Very long instruction word (VLIW) refers to processor architectures designed to exploit instruction level parallelism (ILP). Whereas conventional central processing units (CPU, processor) mostly allow programs to specify instructions to execute in sequence only, a VLIW processor allows programs to explicitly specify instructions to execute at the same time, concurrently, in parallel. This design is intended to allow higher performance without the complexity inherent in some other designs.
The traditional means to improve performance in processor architectures include dividing instructions into substeps so the instructions can be executed partly at the same time (termed pipelining), dispatching individual instructions to be executed independently, in different parts of the processor (superscalar architectures), and even executing instructions in an order different from the program (out-of-order execution). These methods all complicate hardware (larger circuits, higher cost and energy use) because the processor must make all of the decisions internally for these methods to work. In contrast, the VLIW method depends on the programs providing all the decisions regarding which instructions to execute simultaneously and how to resolve conflicts. As a practical matter, this means that the compiler (software used to create the final programs) becomes far more complex, but the hardware is simpler than in many other means of parallelism.
The acronym VLIW can also refer to variable-length instruction word, a criterion in instruction set design to allow a more flexible layout of the instruction set and higher code density (depending on the instructions to be used).
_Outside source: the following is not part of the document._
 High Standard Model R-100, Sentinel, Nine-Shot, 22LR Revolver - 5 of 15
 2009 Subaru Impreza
For example, this method makes it possible to load an immediate value of the size of a machine word into a processor register, which is not feasible if each instruction is limited to the size of a machine word. This flexibility raises instruction decoding needs.
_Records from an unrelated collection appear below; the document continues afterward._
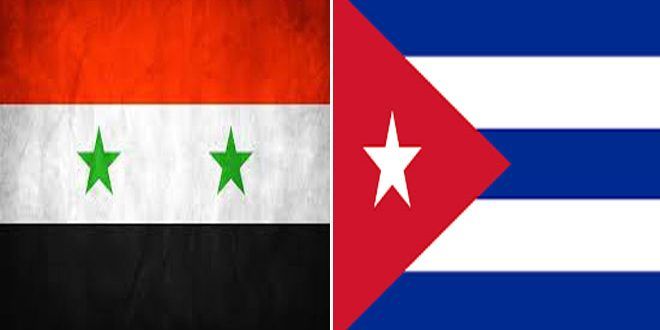 Cuba: Sosteniamo tutte le misure che possono rafforzare le relazioni con la Siria Cuba: Sosteniamo tutte le misure che possono rafforzare le relazioni con la Siria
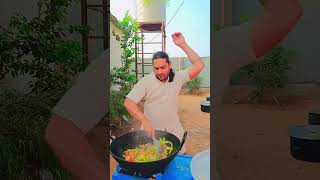 Upapl Balu Cooking Video  Uppal Balu Food Preparation Video I Uppal Balu funny Video [upl. by Aryahay]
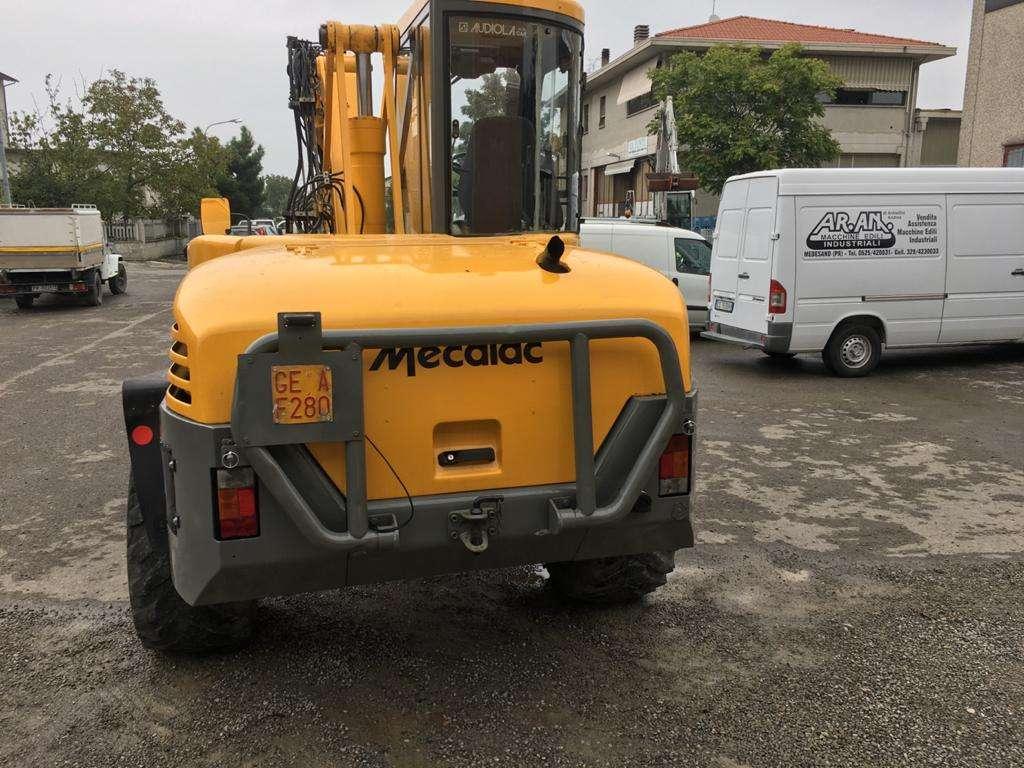 Mecalac 12MXT Photo 19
A processor that executes every instruction one after the other (i.e., a non-pipelined scalar architecture) may use processor resources inefficiently, yielding potential poor performance. The performance can be improved by executing different substeps of sequential instructions simultaneously (termed pipelining), or even executing multiple instructions entirely simultaneously as in superscalar architectures. Further improvement can be achieved by executing instructions in an order different from that in which they occur in a program, termed out-of-order execution.